UPDATED 21:57 EST / FEBRUARY 01 2017

INFRA

Report: Insider trading finds a lucrative home on the dark web

Insider trading has found a prosperous breeding ground in the so-called dark web, as a number of marketplaces have emerged to sell corporate secrets to dodgy traders.

U.S. risk management firm RedOwl Analytics and Israeli threat intelligence company IntSights said in a new report published Wednesday that the dark web marketplaces enable insider trading by selling access to corporate systems, resources and other leaked information. On one of the most popular markets, the Kick Ass Marketplace (pictured), researchers even found evidence of staff at an unnamed bank working with hackers to infect their employer’s network with malware.
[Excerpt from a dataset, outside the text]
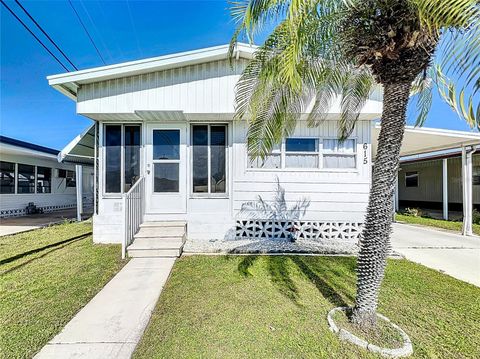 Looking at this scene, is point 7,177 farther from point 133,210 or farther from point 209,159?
point 209,159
Kick Ass Marketplace offers a subscription service to clients for the price of one bitcoin per month. This gives clients access to a variety of “vetted and accurate” insider information that’s posted onto the site. Each of these posts is also assigned a “confidence rating,” together with advice on whether to buy and sell stock in the associated company, allowing clients to cash in on the insider secrets.

Back in May, an administrator of Kick Ass Marketplace going by the pseudonym “h3x” was interviewed by DeepDotWeb, revealing that the site had 15 investment firm members, 25 subscribers and two trading analysts who observe financial markets and verify the integrity of stolen data before it’s posted for sale.

RedOwl and IntSights’ report, Monetizing the Insider: The Growing Symbiosis of Insiders and the Dark Web, says the site posts up around five new “high confidence” insider reports each week, and earns around $35,800 a week in subscription fees.

And Kick Ass isn’t the only such marketplace around that’s doing a thriving business. A second site, called The Stock Insiders, has a different modus operandi, recruiting retail store staff to help facilitate stolen credit card transactions for goods that can easily be resold, such as Apple iPhones. In addition, it helps to pair up hackers with company insiders, allowing them to work together to infect corporate systems with malware.

The report warns that insider recruitment is growing fast, with chatter from public and private forums on the subject doubling over the last year.

“The dark web has created a market for employees to easily monetize insider access,” the report said. “[It] serves as a vehicle [for] insiders to use to cash out on their services through insider trading and payment for stolen credit cards. Sophisticated threat actors use the dark web to find and engage insiders to help place malware behind an organisation’s perimeter security [and] as a result, any insider with access to the internal network, regardless of technical capability or seniority, presents a risk.”

RedOwl said the report shows that organizations cannot rely on a security strategy that’s focused solely on external threats to their systems and data, but must instead develop insider threat programs to ward off internal threats as well.